The United Nations launched a special humanitarian appeal for the Kasai region this year but it remains less the 50 percent funded. United Nations Under-Secretary-General for Humanitarian Affairs and Emergency Relief Coordinator, Stephen O’Brien recently said, “The humanitarian community has been working with significantly insufficient financial resources to deliver at the scale required. This is not just insufficient — it is unacceptable for the global community to leave this very real suffering of the Congolese people unaddressed — just because of a shortage of money.”
Presbyterian Church (U.S.A.) partners in Congo are asking us to accompany them as they walk through this crisis. The complexity of the situation requires a comprehensive response. The PC(USA) is providing opportunities for members to:
ADVOCATE: In a call to action the PC(USA) Office of Public Witness and Presbyterian Ministry at the United Nations asks Presbyterians to contact Secretary of State Tillerson and urge him to provide leadership in the international community and to press for the global community to fully fund the special humanitarian appeal for the Kasai region.
GIVE: Presbyterian Disaster Assistance is working with Congolese partners to provide farming implements, such as hoes, and open-pollinated seeds to farmers who lost both during the conflict. Gifts can be sent to: Presbyterian Church (U.S.A.) P.O. Box 643700 Pittsburgh, PA 15264-3700. Write “DR000088 Kasai Congo relief” on the memo or donate line online: https://pma.pcusa.org/donate/make-a-gift/gift-info/DR000088/
Presbyterian World Mission is supporting partners that are training facilitators for Bible-based children’s trauma healing to help children recover from their exposure to extreme violence and escape the cycle of violence.

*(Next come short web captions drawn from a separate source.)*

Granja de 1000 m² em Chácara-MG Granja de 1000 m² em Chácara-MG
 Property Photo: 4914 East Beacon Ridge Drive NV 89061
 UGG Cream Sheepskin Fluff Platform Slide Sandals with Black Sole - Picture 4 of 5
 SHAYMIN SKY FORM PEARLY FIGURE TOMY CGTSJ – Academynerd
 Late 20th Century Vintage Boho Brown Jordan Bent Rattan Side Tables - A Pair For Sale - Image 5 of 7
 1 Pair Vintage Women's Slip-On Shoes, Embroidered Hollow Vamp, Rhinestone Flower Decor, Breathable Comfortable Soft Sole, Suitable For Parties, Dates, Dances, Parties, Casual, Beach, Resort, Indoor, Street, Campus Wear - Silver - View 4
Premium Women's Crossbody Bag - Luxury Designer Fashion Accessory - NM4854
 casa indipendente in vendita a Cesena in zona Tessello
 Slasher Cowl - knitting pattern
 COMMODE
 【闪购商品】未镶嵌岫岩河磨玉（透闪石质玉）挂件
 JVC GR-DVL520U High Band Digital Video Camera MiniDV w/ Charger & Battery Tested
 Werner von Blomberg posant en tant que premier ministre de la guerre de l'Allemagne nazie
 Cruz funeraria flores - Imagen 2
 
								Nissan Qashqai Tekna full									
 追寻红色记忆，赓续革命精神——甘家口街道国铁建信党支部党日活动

Gifts can be sent to: Presbyterian Church (U.S.A.) P.O. Box 643700 Pittsburgh, PA 15264-3700 write “E052171 trauma healing” on the memo line or donate online: https://www.presbyterianmission.org/donate/E052171/
PRAY: Please lift up the crisis in Congo in your personal prayers and in your congregation this Sunday.
God of mercy, God of love,
You bear the pain of the world.
Look with compassion on our brothers and sisters in Kasai.
They are suffering so. They have lost so much– their livelihood, dignity, and most of all hope.
They have endured hunger, sickness, forced to flee their homes and become strangers in another land, imprisoned by the cycle of violence.
As followers of Jesus Christ, help us to do our part to walk alongside your people in Kasai who are desperately in need this day. Help us to be the people Jesus can point to and say, “For I was hungry and you gave me food, I was thirsty and you gave me drink, I was a stranger and you welcomed me, I was naked and you clothed me, I was sick and you visited me, I was in prison and you came to me.” (Matthew 25:35-36)
May we not to look the other way, but continue to pray with our hearts, our hands and feet for the day when they may return home and live in peace. May the people of Kasai know that they are not alone.